Abu Dhabi to showcase 11 firms in London and New York
ABU DHABI (Reuters) - Abu Dhabi will showcase companies including its largest bank in London and New York this month to encourage foreign investment in the Gulf's best performing bourse, the emirate's exchange said on Saturday.
Eleven companies, including National Bank of Abu Dhabi NBAD.AD and Abu Dhabi National Energy TAQA.AD (Taqa), the exchange's largest energy firm, will join the marketing trip arranged by the bourse of the Middle East's fourth-largest oil producer and HSBC Holdings (HSBA.L).

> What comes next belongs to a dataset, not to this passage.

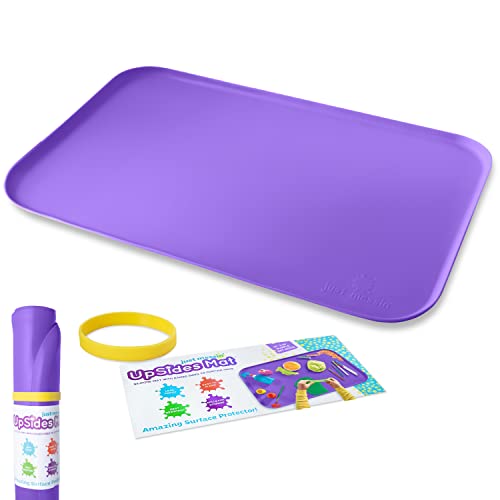 Just Messin’ Silicone Arts and Crafts Mat for Kids, 16" x 26", Purple - color: Purple, size: 16" x 26"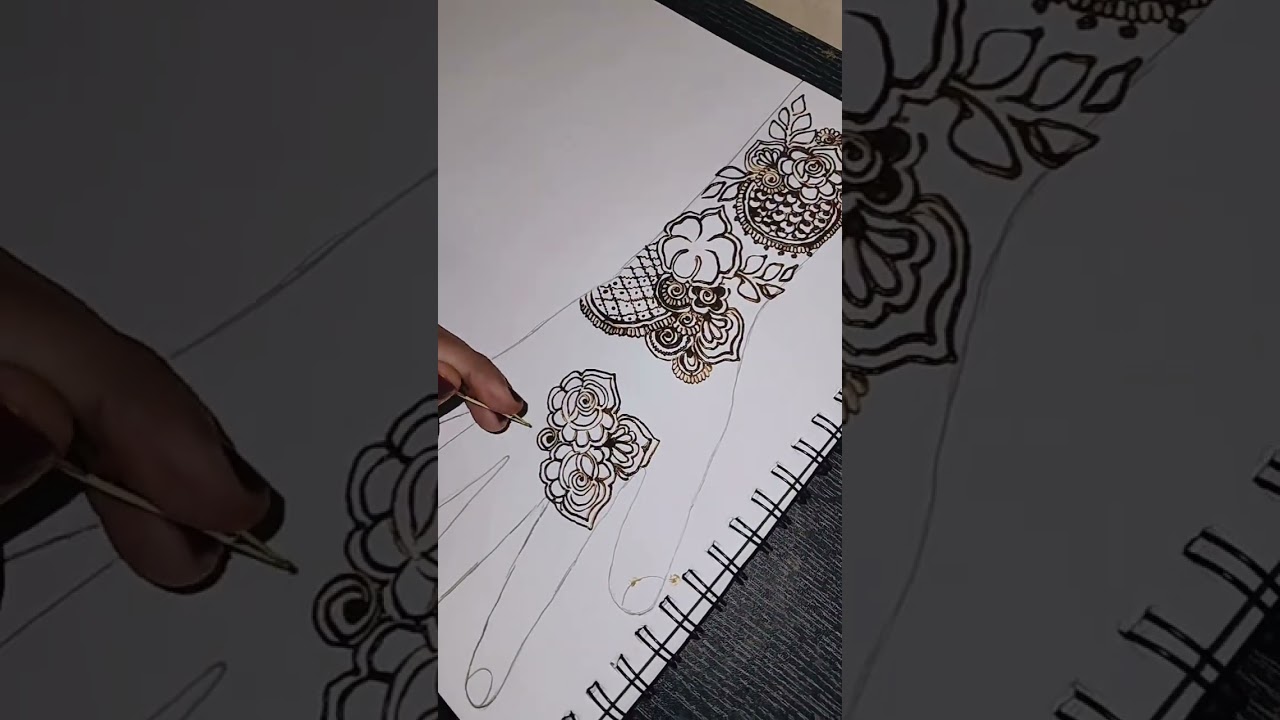 Simple mehndi design 😍 #mehndi #video #vlog #youtube #youtubeshort #foryou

"This is the first time that the Abu Dhabi market has gone to London and New York," Rashed al-Baloushi, the exchange's acting director general, said in a statement. "We are seeing increasing interest in the region from investors in the West, and this roadshow will strengthen that trend."

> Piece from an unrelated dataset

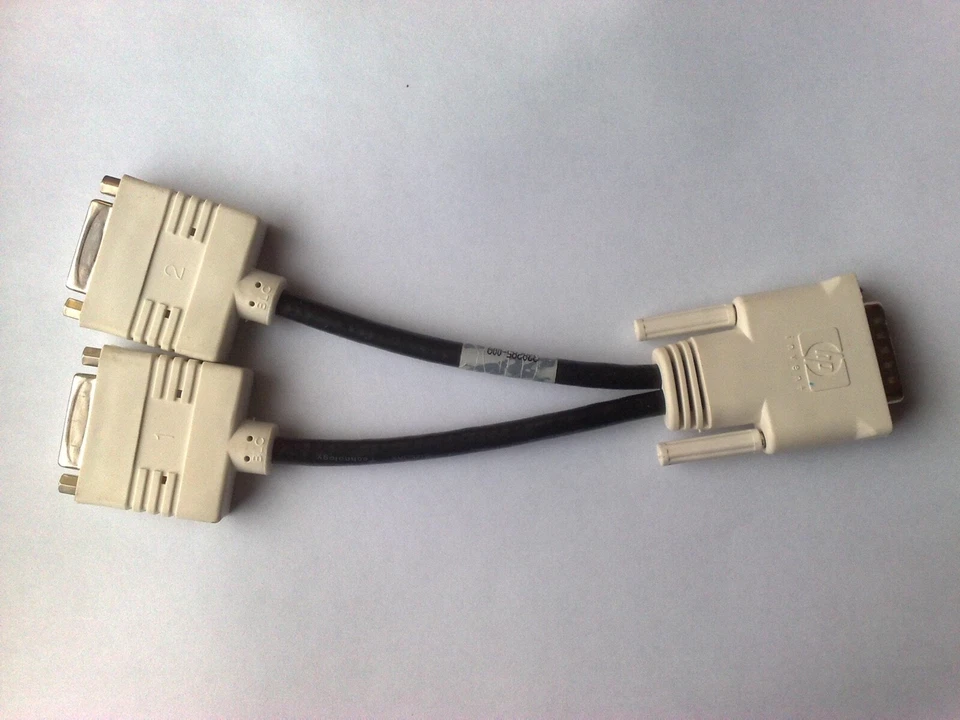 DUAL HP 625629-001 632486-001 NVIDIA NVS300 P1035 512MB PCIE WIN 10 DVI SPLITTER - Image 2 of 2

The companies, invited in part on the basis of allowing foreign ownership, will meet asset and pension-fund managers, including clients of HSBC, a bourse official, who asked not to be named told Reuters on Thursday. Meetings will be held on June 11-12 in London and June 14-15 in New York.
Taqa, which has not opened its shares to foreign ownership, has said it would buy $6 billion (3 billion pounds) of assets in 2007, taking its investments to $20 billion, as Abu Dhabi seeks to use record oil income last year to diversify its sources of revenue.

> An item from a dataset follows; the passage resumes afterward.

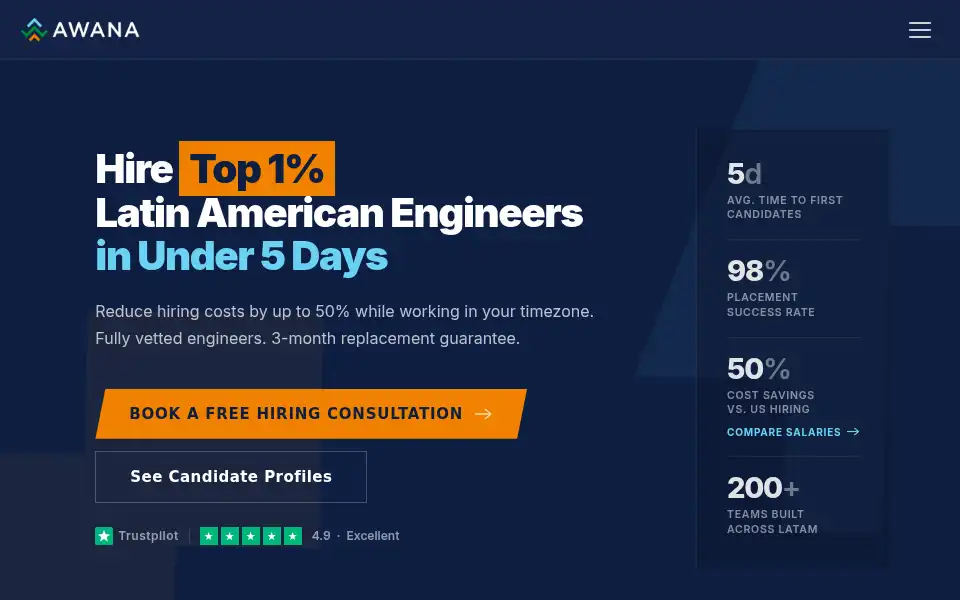 Screenshot of awana.io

Aldar Properties ALDR.AD, Abu Dhabi's biggest developer by market value, is 40 percent open to foreign owners and will join the trip. Its stock has almost doubled this year, outperforming the index .ADI by 60 percent. Foreigners own less than 8 percent of its stock, according to the latest bourse data.
Other participating companies include Dana Gas DANA.AD, Qatar Telecommunications Co. QTEL.QAQTEL.AD and Sorouh Real Estate SOR.AD. Sorouh said earlier this year it was considering opening shares to foreign ownership.
INDEX RALLY
The Dubai Financial Market Co. DFM.DU, owner of the Dubai bourse, arranged a similar marketing trip to London this month that included presentations from companies such as Emaar Properties EMAR.DU -- the largest Arab real estate developer by market value -- and Dubai Islamic Bank DISB.DU.
That helped fuel a rally in the index .DFMGI, which has risen 22.4 percent since touching a 2007 low on April 3.
Abu Dhabi-based Emirates Telecommunications (ETEL.AD) (Etisalat), the third-largest Arab telecom company by market value, will not participate, Baloushi said last week. Etisalat does not allow foreign ownership.
HSBC said in a research report last week that Gulf Arab markets are "extremely attractive -- cheap stocks, large current-account surpluses and strong growth."
HSBC prefers Abu Dhabi over neighbouring Dubai because it is "at a much more favourable stage of the property market cycle," according to the May 25 report, which gave Gulf Arab markets an "overweight" recommendation.
"The bloc remains our strongest positive call" among emerging markets, and in Europe, the Middle East and Africa, HSBC said.